Les surfaces tactiles ont définitivement aboli l’usage du crayon et de la gomme, trop souvent oubliés, destinés à noter toutes sortes d’informations spécifiques. Désormais, le soliste du pupitre, doté d’un stylet, inscrit les coups d’archet et autres annotations sur son écran et d’une seule impulsion sur la touche “enter”, transmet à l’ensemble de ses collègues les nouvelles données, précieux gain de temps, de fatigue et de concentration à une époque où les coûts de production imposent la diminution du nombre des répétitions. Quant aux tournes de pages, une simple pression sur l’écran permet davantage de rapidité, de précision et l’élimination des bruits de papier froissé au bénéfice d’un silence indispensable au concert.
Enfin, lors des tournées, le problème du transport des dizaines de malles de partitions appartient au passé. Partout dans le monde, le stockage des fichiers est accessible sur les sites spécialisés et évite les mauvaises surprises d’oubli de dernière minute ayant mis trop souvent de nombreux récitals en péril.
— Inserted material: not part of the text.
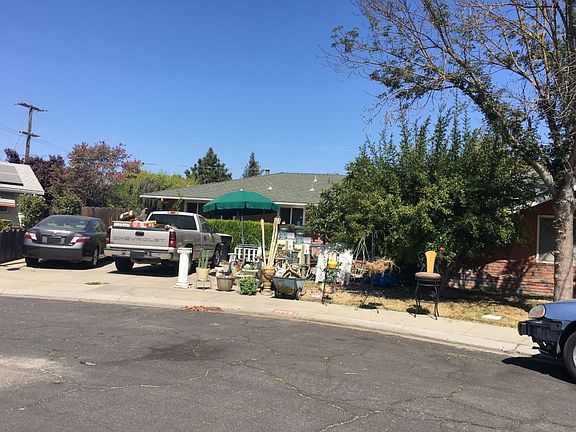 3rd image of 1445 Glen Aulen Dr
Que conclure devant tant d’avantages inexplorés et dont la mise en place tarde à venir ? La peur de la nouveauté, d’un changement brutal des habitudes, d’une adaptation difficile, de bugs éventuels de la machine, auraient-ils raison du progrès comme à toutes les époques charnières ? Pouvons-nous espérer que les garants de notre avenir ne pourront résister plus longtemps à la pression d’une modernisation nécessaire à l’équilibre de notre belle planète, pour laquelle chaque petit effort se voit décuplé à grande échelle ?

Pour que l’impact écologique des livres numériques, encore supérieur aujourd’hui à celui d’un livre imprimé dès l’instant où l’on dépasse environ dix minutes de lecture par jour, s’inverse rapidement, apportons, nous musiciens, notre pierre à l’édifice et envisageons avec sérénité l’abandon de nos vieilles et chères partitions de papier qui ont accompagné nos longues années d’études musicales et dont il sera, sans nul doute, difficile de se séparer.